-
Notifications
You must be signed in to change notification settings - Fork 100
DirCache redundant stat ops
The Hidden Cost of Validation: How Netatalk's Directory Cache Optimization Reduces Storage Stack Pressure
When you access a file on a network share, you're triggering a cascade of operations through multiple cache layers. Each layer tries to optimize performance, but they can work against each other in surprising ways. This article explores how Netatalk's new probabilistic directory cache validation 2447 reduces I/O by working with the storage page cache.
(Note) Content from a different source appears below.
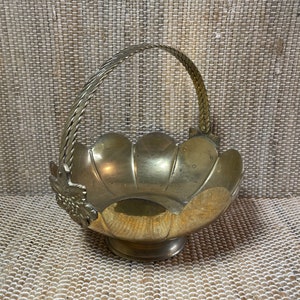 Vintage Scalloped Brass Bowl with Grape Design and Twisted Handle/Vintage Brass Bowls/Vintage Brass/Vintage Home Decor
Modern file servers orchestrate multiple cache layers, each with its own purpose and behavior:
graph TB
subgraph "Application Layer"
AFP[AFP Client Request]
NT[Netatalk Server]
DC[Directory Cache<br/>LRU]
CNID[CNID Database]
end
subgraph "Kernel Layer"
PC[Page Cache<br/>LRU]
VFS[VFS Layer]
end
subgraph "Storage Layer"
FS[Filesystem<br/>ZFS/ext4/XFS]
ARC[ZFS ARC Cache<br/>Optional]
DISK[Physical Storage]
end
AFP --> NT
NT --> DC
DC --> CNID
NT --> VFS
VFS --> PC
PC --> FS
FS --> ARC
ARC --> DISK
style PC fill:#ffcccc
style DC fill:#ccffcc
style ARC fill:#ffcccc
Each cache layer uses an LRU (Least Recently Used) algorithm to decide what to keep in memory (ZFS uses ARC instead of LRU). This works well when access patterns match LRU assumptions, but breaks down with certain workloads (especially scan workloads)—and that's where our story begins.
The Linux page cache is incredibly fast and nearly invisible. It automatically caches file data and metadata in RAM, but here's the catch: you can't directly control what stays in cache.
LRU Performance Issues:
Degeneration Under Common Patterns: LRU can perform poorly with certain access patterns. For example, if an application loops over an array larger than the number of pages in the cache, it will cause a page fault for every access, leading to inefficiency (the cache churns and does not hold data long enough to achieve a good hit rate). Netatalk currently has a small maximum dircache value (dircachesize = 131072) as the current implmentation performance degrades above this limit.
Cache Pollution: LRU may evict pages that are frequently accessed but not necessarily the most relevant, which can lead to less optimal cache performance. For example when enumerating paths to move around a directory tree, the IO stat validations keep uneeded data warm in the page cache, pushing other more important objects off the page cache and increasing disk IO.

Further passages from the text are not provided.